SUPPLIED DATA:
-----

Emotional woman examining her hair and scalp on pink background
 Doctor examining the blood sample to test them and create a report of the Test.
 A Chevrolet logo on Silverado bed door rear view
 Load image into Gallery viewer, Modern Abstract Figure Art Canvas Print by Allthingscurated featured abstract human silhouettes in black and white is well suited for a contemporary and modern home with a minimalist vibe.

-----

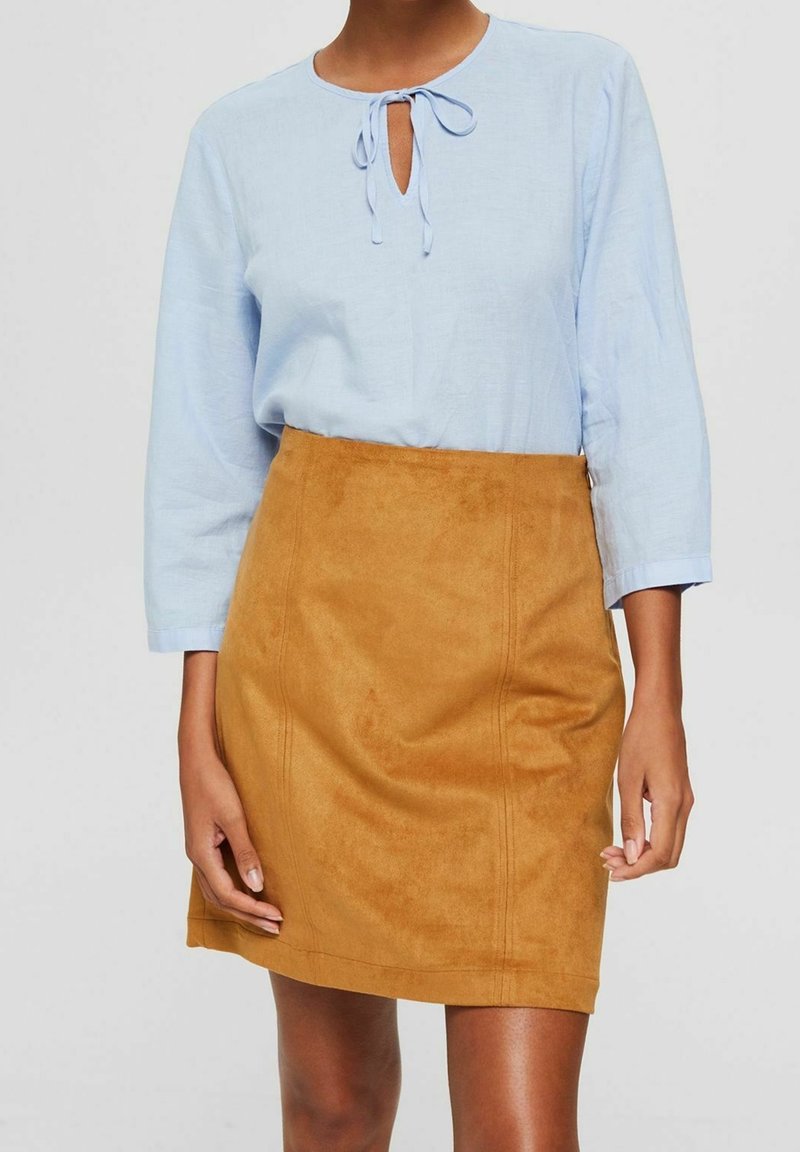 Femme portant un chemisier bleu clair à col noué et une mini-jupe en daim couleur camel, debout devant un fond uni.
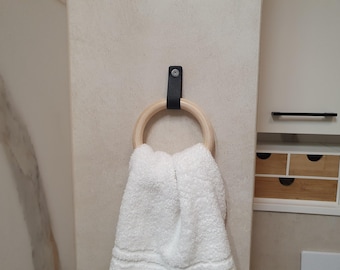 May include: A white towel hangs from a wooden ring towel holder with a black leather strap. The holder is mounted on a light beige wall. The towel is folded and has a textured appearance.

-----

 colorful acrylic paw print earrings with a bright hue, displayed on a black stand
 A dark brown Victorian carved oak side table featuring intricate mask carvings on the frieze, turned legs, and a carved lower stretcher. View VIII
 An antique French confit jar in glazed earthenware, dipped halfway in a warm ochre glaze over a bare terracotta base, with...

-----

WORK REQUIRED: Would you please copy every line in the data that contains the word "examining"?

YOUR SOLUTION:
Emotional woman examining her hair and scalp on pink background
 Doctor examining the blood sample to test them and create a report of the Test.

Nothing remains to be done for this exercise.